BEGIN

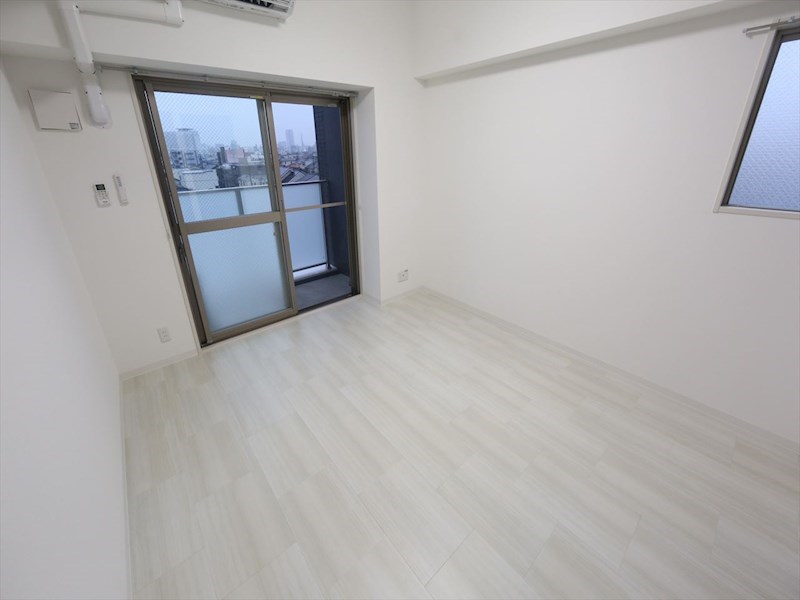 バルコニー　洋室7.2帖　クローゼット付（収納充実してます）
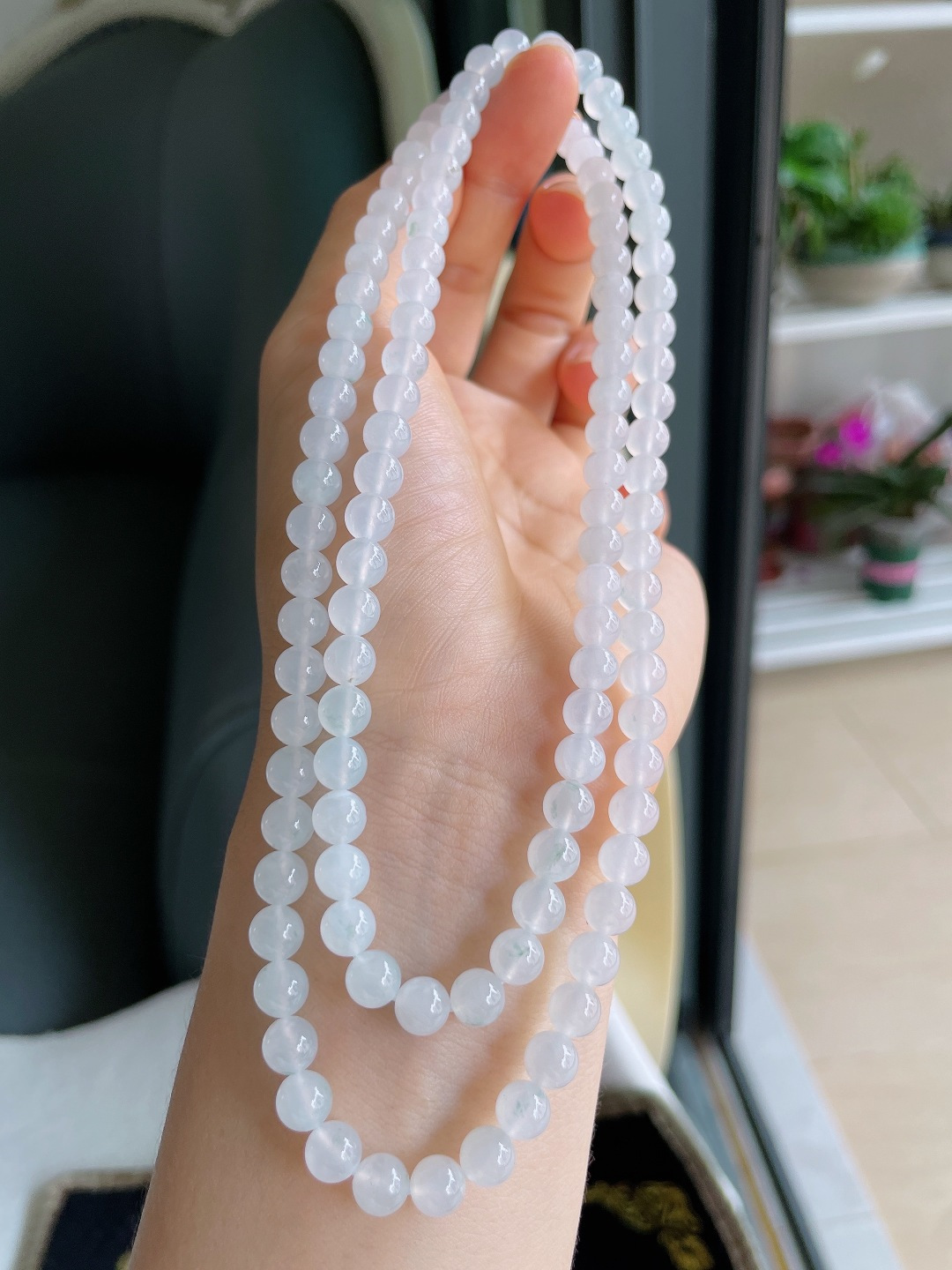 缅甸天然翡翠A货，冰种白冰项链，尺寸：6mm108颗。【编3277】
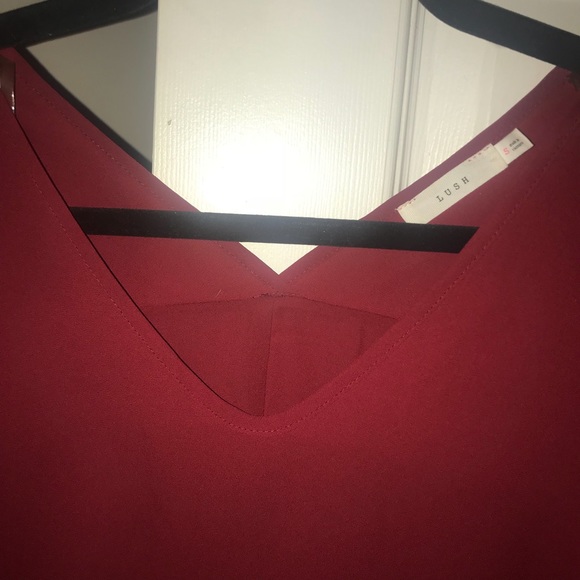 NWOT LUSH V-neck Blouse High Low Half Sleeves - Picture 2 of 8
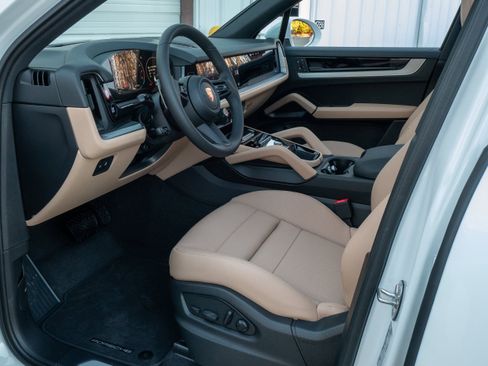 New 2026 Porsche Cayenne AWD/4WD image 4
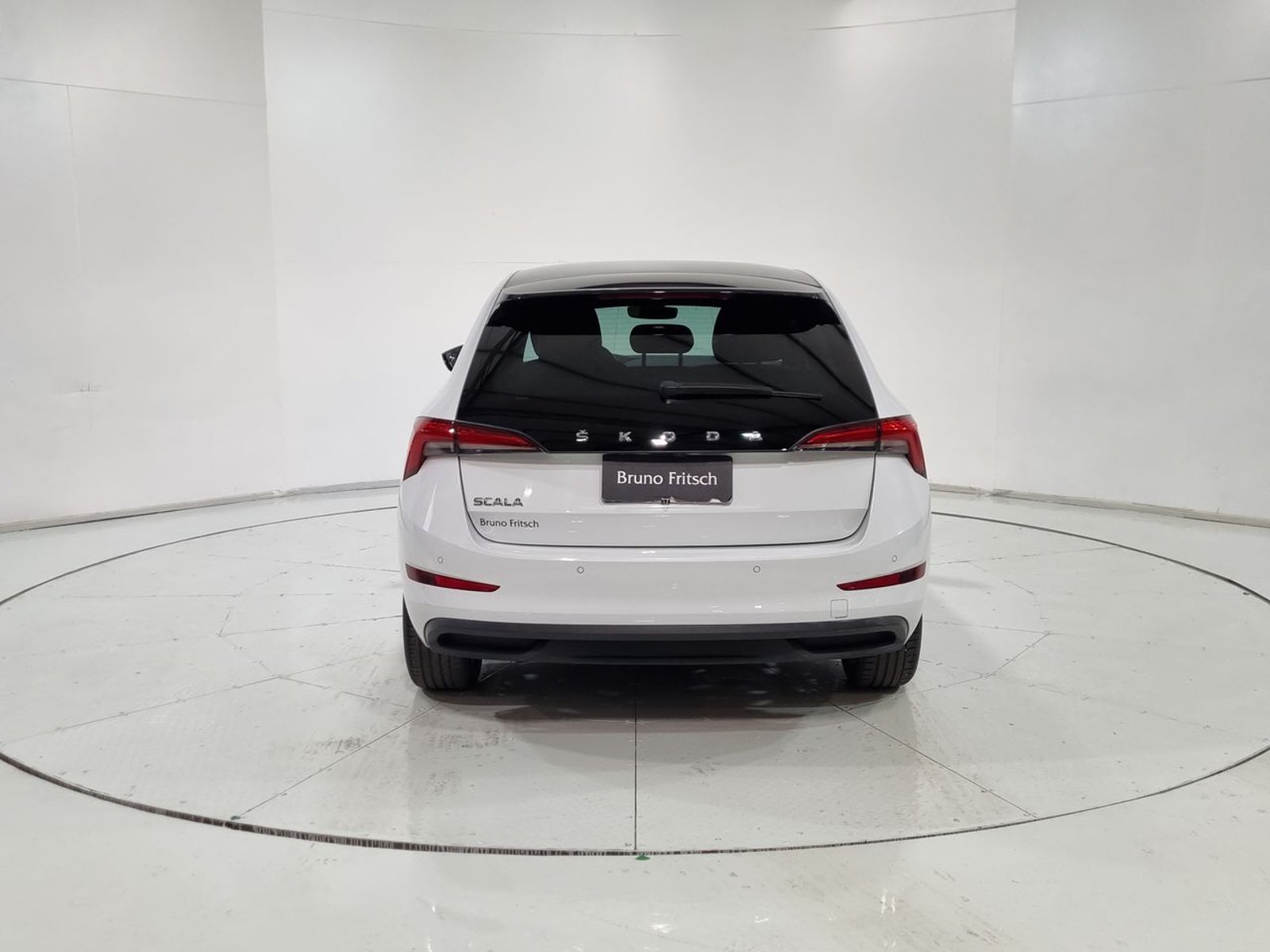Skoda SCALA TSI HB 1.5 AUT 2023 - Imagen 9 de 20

END

## How to complete this task
Each record above is to be copied exactly. Drop the pictures.

## Solved exercise
 バルコニー　洋室7.2帖　クローゼット付（収納充実してます）
 缅甸天然翡翠A货，冰种白冰项链，尺寸：6mm108颗。【编3277】
 NWOT LUSH V-neck Blouse High Low Half Sleeves - Picture 2 of 8
 New 2026 Porsche Cayenne AWD/4WD image 4
Skoda SCALA TSI HB 1.5 AUT 2023 - Imagen 9 de 20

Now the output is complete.